C’è da aggiungere che, anche le prestazioni scolastiche, come tutto il loro modo di essere, risentono della cultura nella quale sono nati o vissuti prima di essere adottati, perché, comunque esistono sempre le trasmissioni televisive, i sapori e gli odori che si portano dentro, i modi di dire o di fare …con cui hanno vissuto, che sono parte di loro.
A distanza di anni, noi genitori adottivi abbiamo anche capito che, la difficoltà più grande è quella che si potrebbe definire una corsa agli ostacoli, perché i nostri figli, mentre stanno superando una difficoltà per raggiungere gli altri… gli altri sono già andati avanti. Giustamente i programmi didattici vanno rispettati.
Alla fine di ogni anno scolastico i progressi rispetto all’anno precedente ci sono ma, per arrivare almeno agli obiettivi minimi richiesti di tutte le materie, bisogna saper aspettare.

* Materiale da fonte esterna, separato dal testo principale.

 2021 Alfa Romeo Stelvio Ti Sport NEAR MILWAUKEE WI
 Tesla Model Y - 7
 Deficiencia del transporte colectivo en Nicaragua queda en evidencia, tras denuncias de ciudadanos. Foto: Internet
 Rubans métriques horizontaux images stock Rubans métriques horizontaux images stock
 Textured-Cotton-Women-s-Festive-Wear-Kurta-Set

Completare l’integrazione richiede anni. La vita a scuola dei figli adottati, ma come, del resto, di tutti i bambini/ragazzi che crescono, rappresenta un passaggio obbligato negli anni della loro formazione/educazione, quindi nell’infanzia e nell’adolescenza. Questo permette anche a loro, i bambini/ragazzi adottati, di misurarsi con i loro compagni, riflettendosi nei loro compagni, condividendo gli stessi giochi, le passioni, lo sport, le paure, i bisogni, i desideri quotidianamente, diventando così, loro stessi, i figli adottati, figli del loro tempo, figli della loro cultura…..

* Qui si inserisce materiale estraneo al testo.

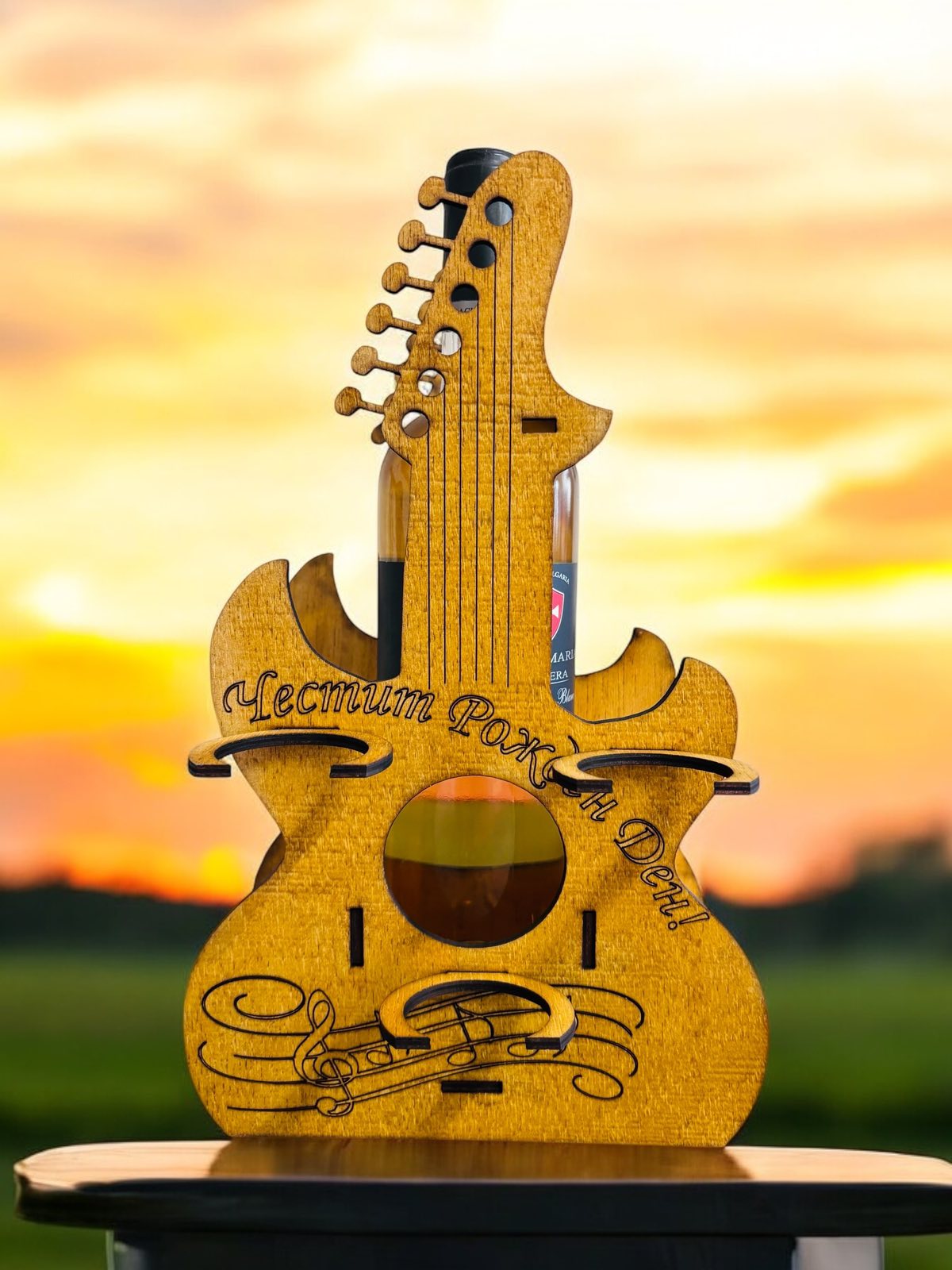 Mini bar din lemn în formă de chitară – lucrat manual, cu 3 pahare incluse și personalizare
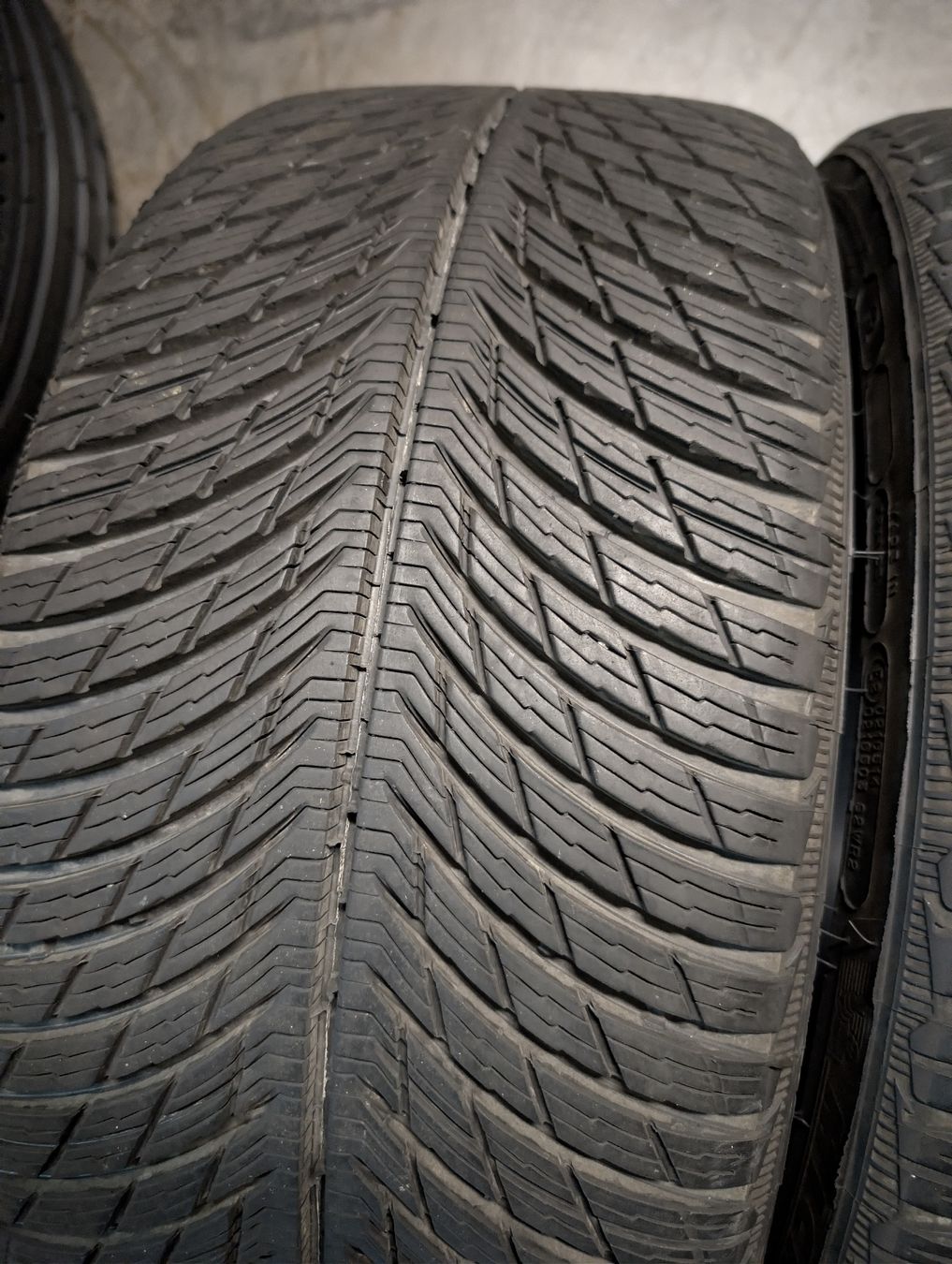Michelin Pneus & Roues: Winterreifen  – D'occasion à Dürrenäsch par Pneu-Idris 2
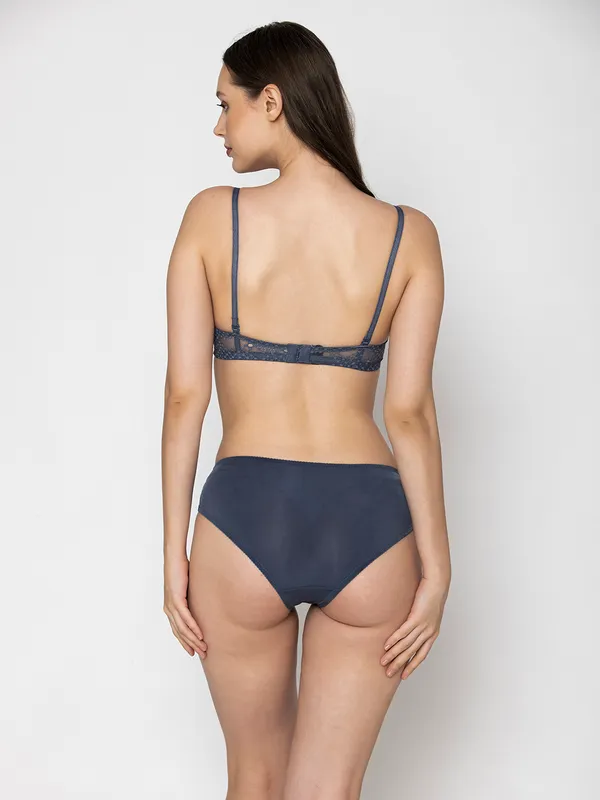 Slate_Grey_Lightly_Padded_Chantilly_Lace_Set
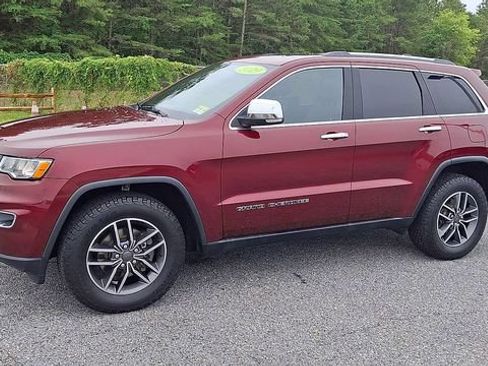 Used 2019 Jeep Grand Cherokee Limited AWD/4WD image 4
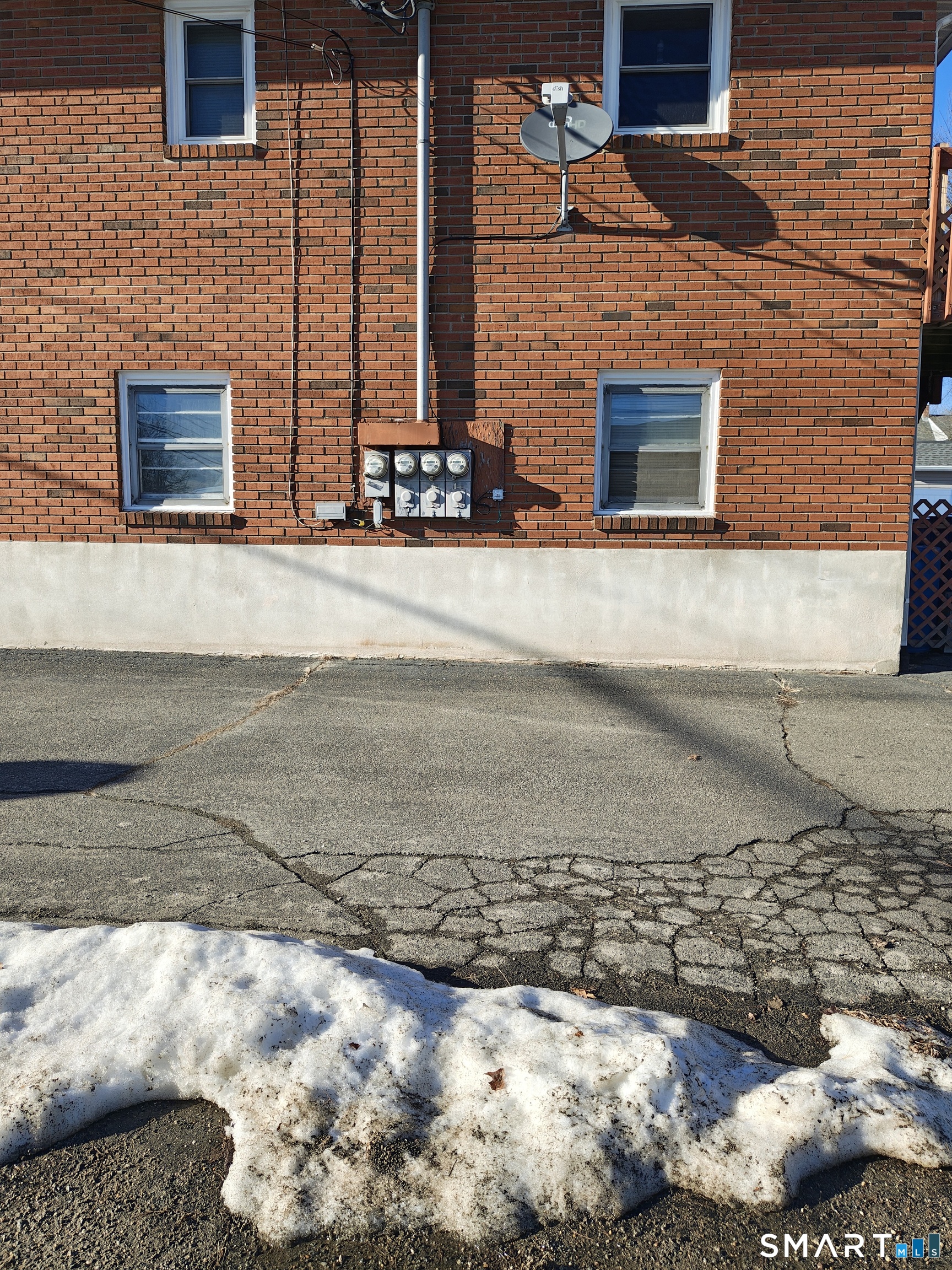 25 Norris Street Waterbury, CT 06705 - Photo 7 of 39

Loro, ancora alle superiori, devono sempre fare dei passi indietro, a volte grandi, a volte piccoli, per acquisire capacità, metodo ed abilità, ma anche con la loro interiorità che ancora li distoglie dallo studio, cioè, quando con le loro modalità, raggiungono nel tempo, la consapevolezza delle proprie capacità… ma insieme al proprio sé…. è il traguardo… ma non quello finale…. quello per partire di nuovo….
Ed è proprio qui che spesso il cammino si può interrompere. Tutti i ragazzi incontrano problemi nell’adolescenza, ma quelli adottati iniziano anche a fare i conti con il trauma dell’abbandono. I progressi fatti si bloccano, le domande che nella loro mente turbinano non trovano risposta. Sono stato cattivo? E’ colpa mia se mi hanno abbandonato? Perché? Chi sono? Da dove vengo? Possono diventare oppositivi e aggressivi.
Quello che tentiamo di far capire ai docenti, come famiglie adottive, è di abbandonare automatismi nell’approccio a questi ragazzi, e di avere fiducia e ancora fiducia. Se verranno usati schemi didattici classici o dato troppo peso agli aspetti comportamentali, i nostri figli non avranno alcuna possibilità. Loro hanno bisogno di più tempo.
Quando li guardi, così grandi, ben inseriti… parlano bene l’italiano, magari il dialetto del posto, sembrano come gli altri…. dall’esterno viene troppo facile pensare “…ma in fondo cosa gli manca?……sono ragazzi fortunati che devono essere grati….”.
E’ assolutamente necessario capire che, nella loro mente quelle domande riempiono tutti i loro pensieri, gli diventa impossibile concentrarsi sullo studio, e che dentro, nel profondo, si sentono delle nullità.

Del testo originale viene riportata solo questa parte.